En esta brecha de acceso a las tecnologías, según el Inegi y la ENDUTI, Ciudad de México es el lugar con mayor acceso a las tecnologías y los Estados de Chiapas, Durango, Veracruz, Guerrero, Tlaxcala, Hidalgo y Puebla, son los más bajos; es decir los Estados que terminarán la pandemia con un índice mayor de analfabetismo, deserción escolar forzada por la pobreza y una doble o triple exclusión histórica de las mujeres del ámbito laboral. Evidentemente las pandemias, como las guerras, dejan pérdidas que solo son cuantificables una vez que la crisis ha terminado. Lo cierto es que aquella entrega de las tabletas del Gobierno de Peña Nieto, fue una farsa para las comunidades víctimas de la brecha digital y, ahora, esta propuesta educativa que incluye a radiodifusoras que impartirán clases en lenguas indígenas son una idea genial que no tendrá ningún efecto real y efectivo en la niñez mexicana pobre e indígena. Nos tocará documentarlo cuando sea posible; mientras tanto la crisis educativa, de discriminación por género y clase y raza, así como de salud mental de la niñez mexicana se profundiza sin tener herramientas para resolverlas.
Lo que sí celebran los más ricos, es que la tasa de inversión en telecomunicaciones creció un 26,6% y enriqueció más a quienes tienen el control de la informática que es, hoy en día, el control de la educación, de la información y del acceso a la salud.
Está claro que la pandemia dejará tras de sí una crisis económica de la que muchos hablan, pero más claro es todavía que ha evidenciado la incapacidad histórica y actual de las y los políticos, empresariado y poder legislativo, para prever el impacto en la niñez y las mujeres; invertir en ello desde este momento sería la única forma de evitar un descomunal retroceso en derechos ganados para las y los más pobres, para ellas y ellos a quienes el presidente ha dado por llamar “el pueblo bueno”.

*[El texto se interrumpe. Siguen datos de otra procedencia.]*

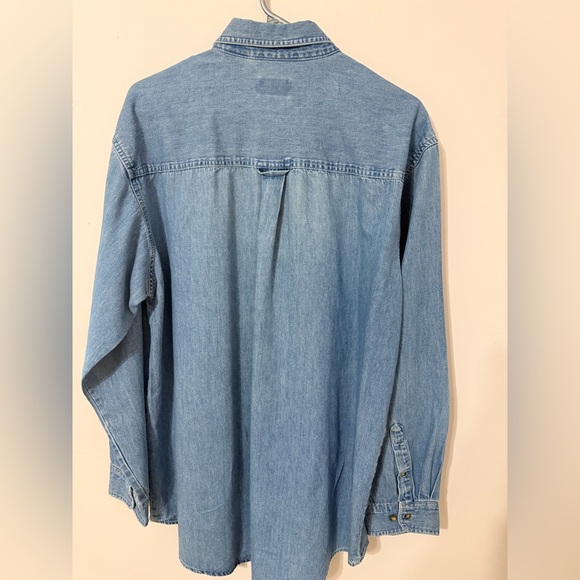 Basic Editions Light Blue Button-Up Shirt - Picture 5 of 6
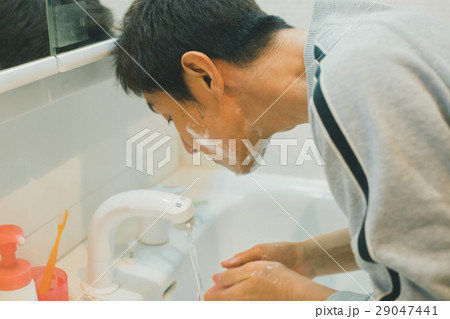 middle-aged and older person 29047441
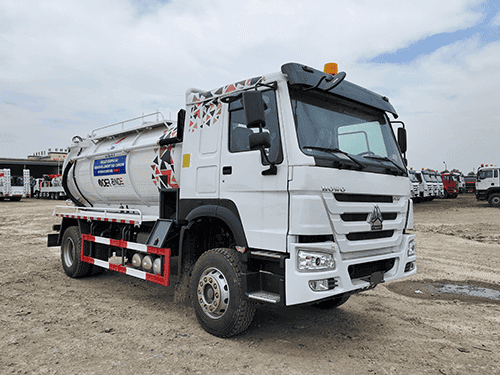 VACUUM SEWER TANK TRUCK-8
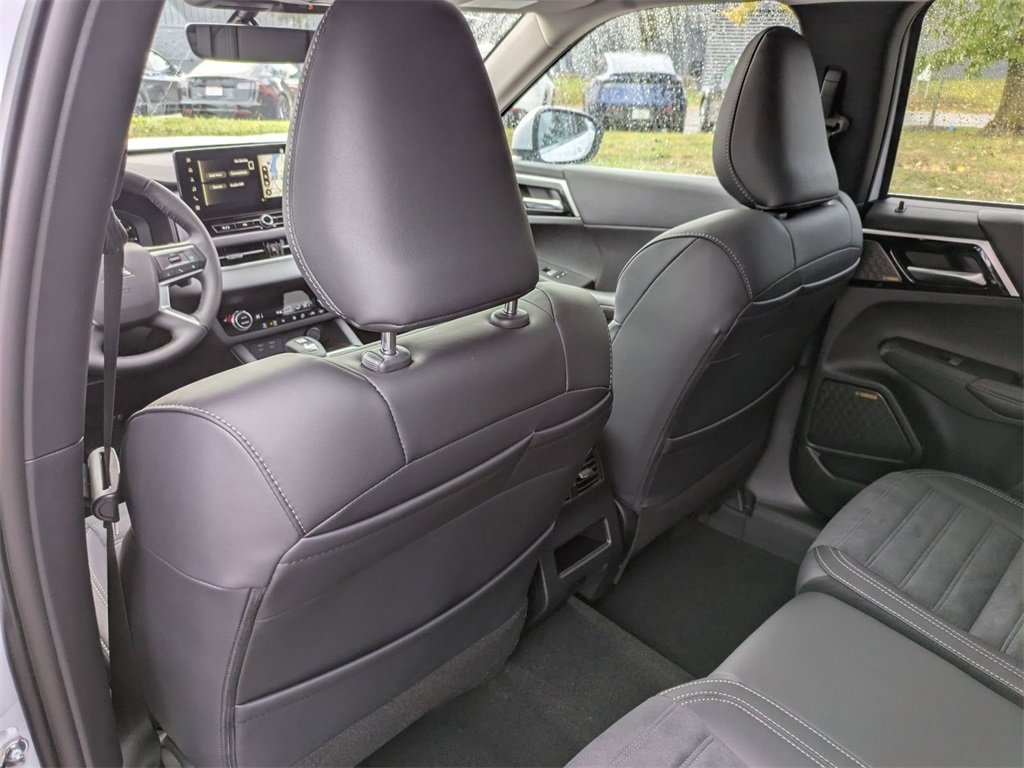 New 2025 Mitsubishi Outlander SE image 27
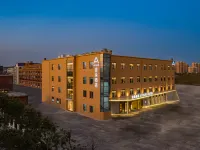 Shanghai Pudong Caolu Subway Atour Hotel Hotels near Sanda University (Jinhai Road)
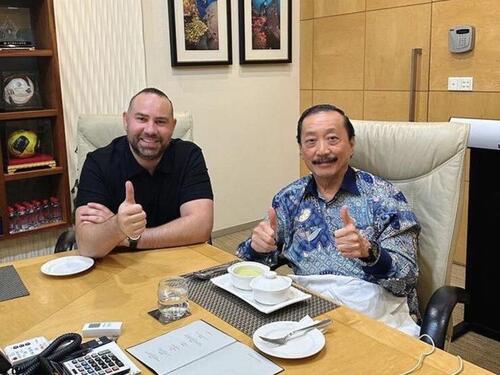 Ismir Mirvić na večeri sa Vincentom Tanom, poslao zagonetnu poruku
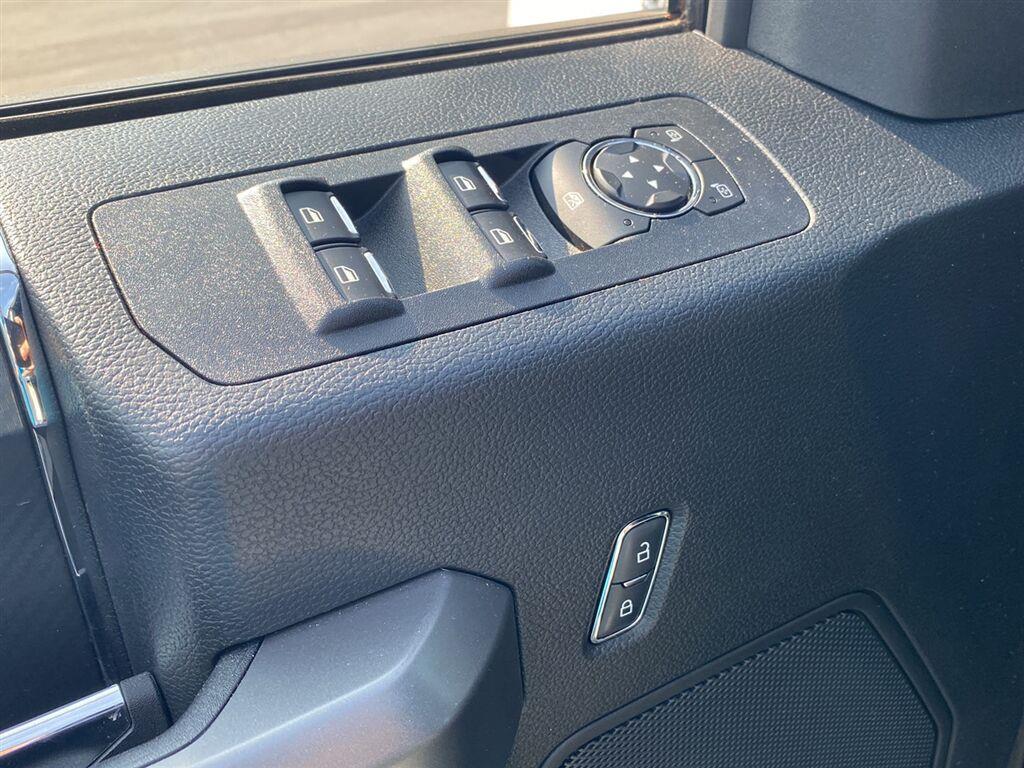Used 2019 Oxford White Ford XLT image 13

Las prioridades, sin embargo, están en otra parte, como el parque de Chapultepec, en el que el presidente decidió invertir 1.100 millones de pesos que debieron ir al verdadero acceso a la educación y la cultura. Israel no conoce el Bosque de Chapultepec ni su madre tampoco; es lo de menos, ella, sus hijos y millones de personas en su situación, pasarán años intentando sobrevivir a una normalidad que les dejará en un abismo educativo, económico e informativo inimaginable.